Earlier today Archimedes IP  published one of my articles on IP Strategies for high-growth markets, which I based around Nest Labs as a case study.

Why is this topic important to high-growth technology ventures?  Because Nest Labs’s demonstrates why active attention and refinement of an IP strategy within high-growth markets is critical: Within the span of four short years a new billion dollar market was born; litigation by a market incumbent was launched to block the first movers from Nest; key IP acquisition and defensive licensing deals were arranged, and fast-followers launched competing products.  From the IP-lifecycle perspective, four years is an incredibly short time, often not enough to generate legally enforceable IP protection.
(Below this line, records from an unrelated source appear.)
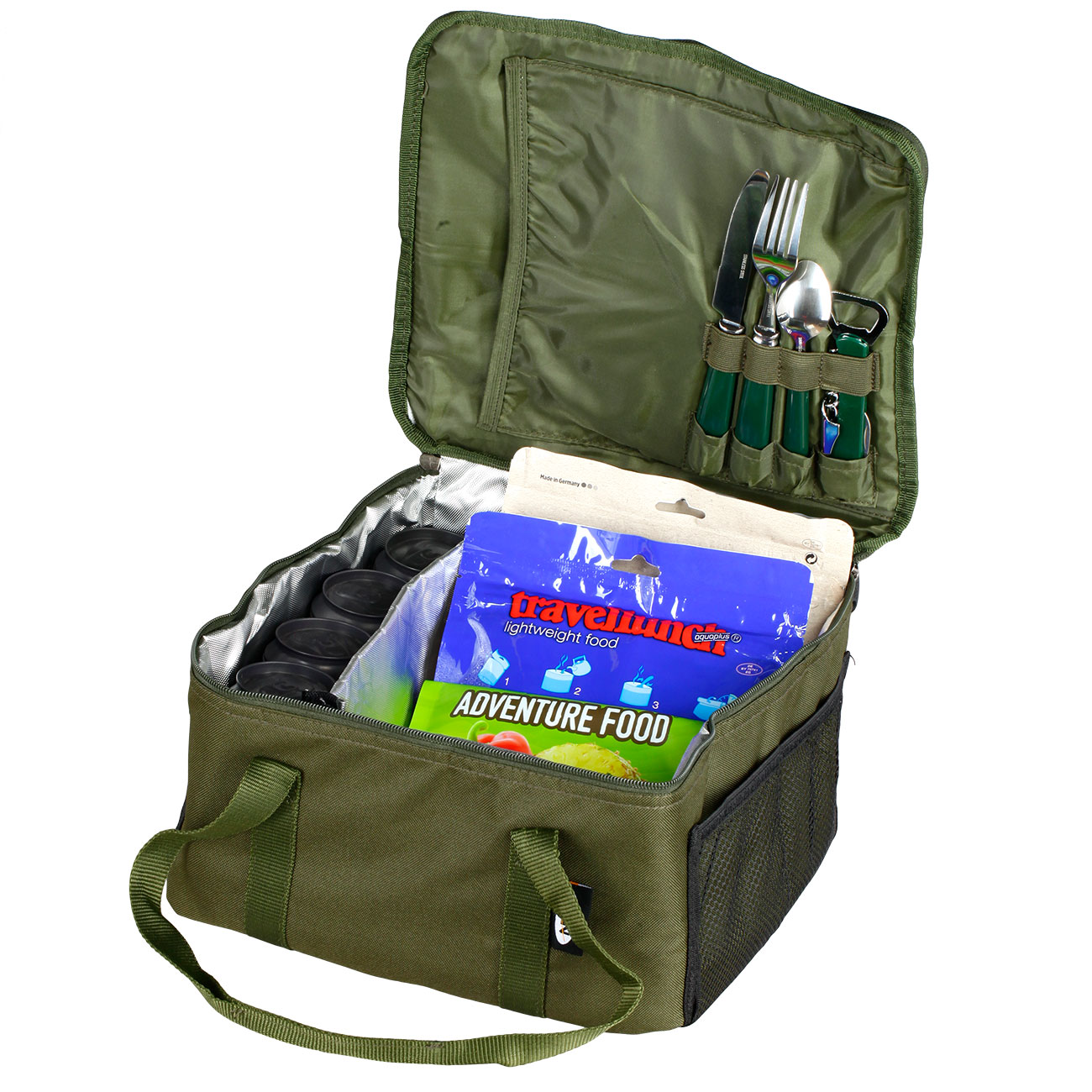 Food Bag Isoliertasche mit Essgeschirr und Becher Bild 2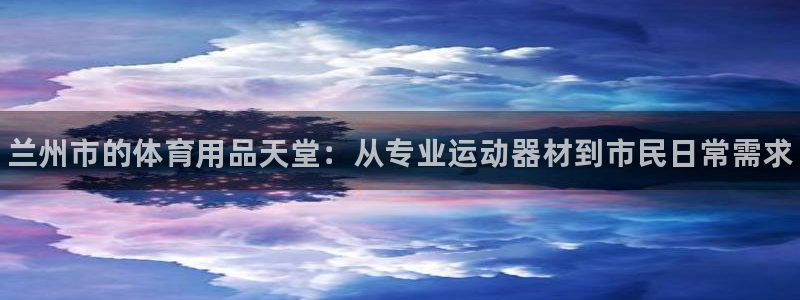 极悦平台注册流程图:兰州市的体育用品天堂:从专业运动器材到市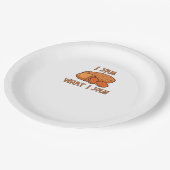 Assiettes En Carton Je Yam Ce Que Je Yam Classic Funny Basic (Angle)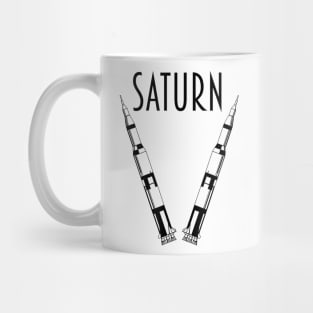 Apollo 11 Saturn V Moon Rockets Mug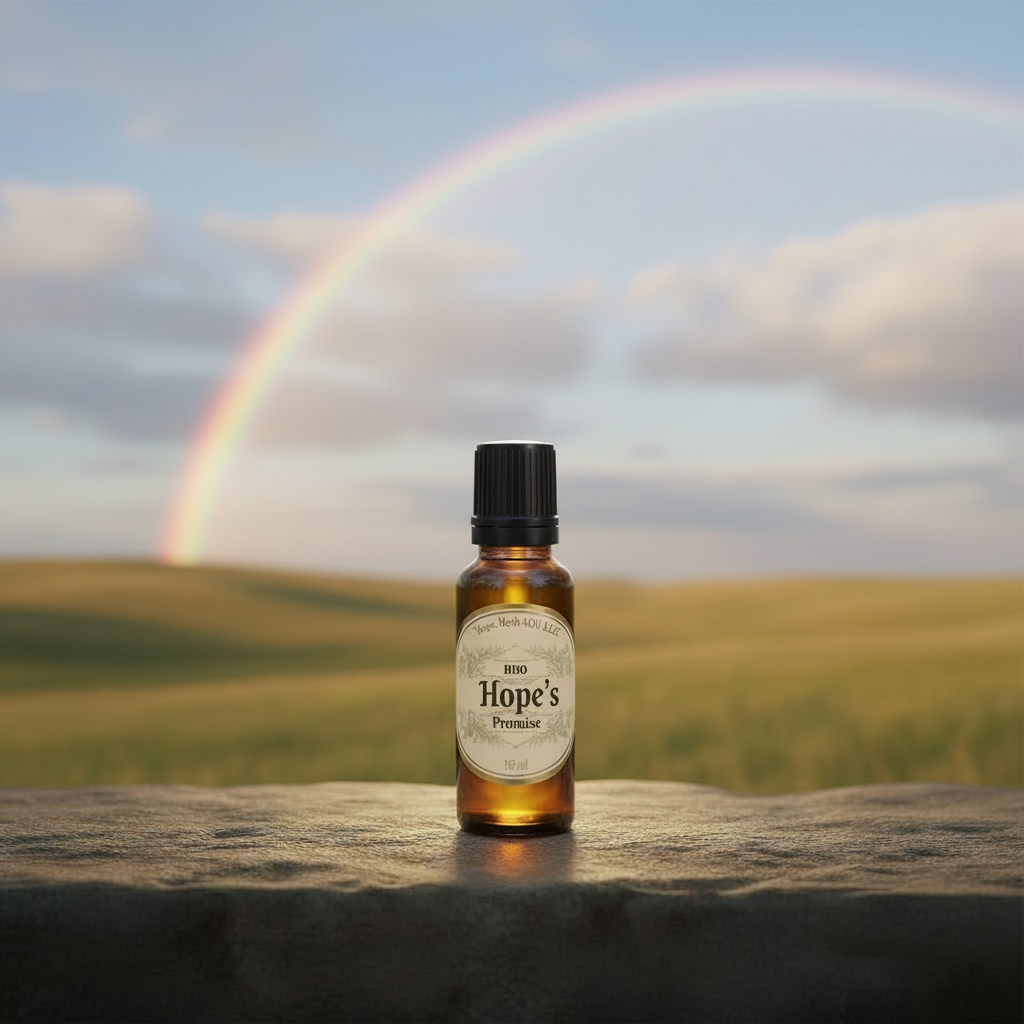 Hope's Promise - soft partial rainbow with correct label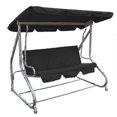 thumbnail image 2 of Porch Swing Cushion Replacement Cover Black Swing Seat Cushion Cover, 2 of 5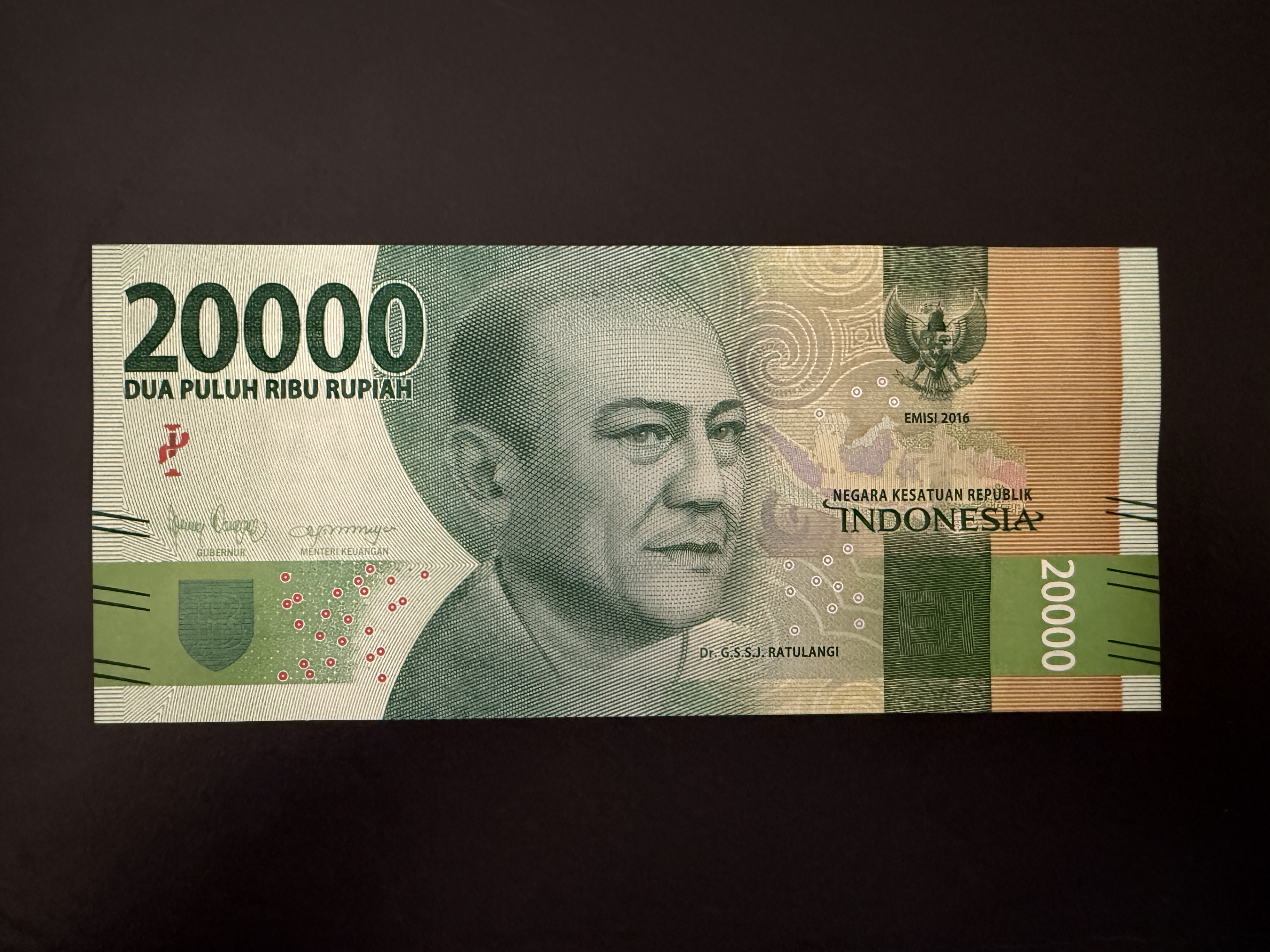 Indonesia 20000 Rupiah 2016 (P.158) UNC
As a result even a delay by a few months of IP planning and execution will increase the risk and challenges of an entrant in this new market.

Below is a piece of the introduction, with the full article posted on the Archimedes IP Forum Blog. My thanks to Tom Ewing for both editing my draft, and contributing to the final copy.

Why High Growth Markets need an Evolution in IP Strategies (Part 1):

A successful corporate intellectual property (IP) strategy must account for the pace, style and strategy of key competitors – it is simply not enough to plan and execute an IP strategy based solely on the direction of your business.

This fact of life is especially true for companies operating in high-growth markets where it is even more critical that an evolution and refinement of strategy needs to happen at least on an annual basis if not quarterly or even monthly.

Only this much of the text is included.